Exercise instructions
An exact copy of each record is required.

Input records
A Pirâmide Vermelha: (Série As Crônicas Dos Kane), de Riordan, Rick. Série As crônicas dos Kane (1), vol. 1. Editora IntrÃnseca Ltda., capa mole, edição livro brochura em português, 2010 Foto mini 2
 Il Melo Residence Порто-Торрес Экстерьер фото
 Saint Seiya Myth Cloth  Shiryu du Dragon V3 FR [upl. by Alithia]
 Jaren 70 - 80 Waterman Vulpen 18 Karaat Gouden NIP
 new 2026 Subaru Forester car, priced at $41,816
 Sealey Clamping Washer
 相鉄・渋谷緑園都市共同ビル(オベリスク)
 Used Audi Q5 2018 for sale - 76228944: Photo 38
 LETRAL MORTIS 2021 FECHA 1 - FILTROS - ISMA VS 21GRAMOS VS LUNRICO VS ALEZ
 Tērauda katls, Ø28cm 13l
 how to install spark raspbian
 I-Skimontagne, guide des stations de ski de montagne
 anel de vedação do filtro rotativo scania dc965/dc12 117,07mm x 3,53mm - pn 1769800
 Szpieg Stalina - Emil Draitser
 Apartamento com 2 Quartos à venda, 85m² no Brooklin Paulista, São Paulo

Task response
A Pirâmide Vermelha: (Série As Crônicas Dos Kane), de Riordan, Rick. Série As crônicas dos Kane (1), vol. 1. Editora IntrÃnseca Ltda., capa mole, edição livro brochura em português, 2010 Foto mini 2
 Il Melo Residence Порто-Торрес Экстерьер фото
 Saint Seiya Myth Cloth  Shiryu du Dragon V3 FR [upl. by Alithia]
 Jaren 70 - 80 Waterman Vulpen 18 Karaat Gouden NIP
 new 2026 Subaru Forester car, priced at $41,816
 Sealey Clamping Washer
 相鉄・渋谷緑園都市共同ビル(オベリスク)
 Used Audi Q5 2018 for sale - 76228944: Photo 38
 LETRAL MORTIS 2021 FECHA 1 - FILTROS - ISMA VS 21GRAMOS VS LUNRICO VS ALEZ
 Tērauda katls, Ø28cm 13l
 how to install spark raspbian
 I-Skimontagne, guide des stations de ski de montagne
 anel de vedação do filtro rotativo scania dc965/dc12 117,07mm x 3,53mm - pn 1769800
 Szpieg Stalina - Emil Draitser
 Apartamento com 2 Quartos à venda, 85m² no Brooklin Paulista, São Paulo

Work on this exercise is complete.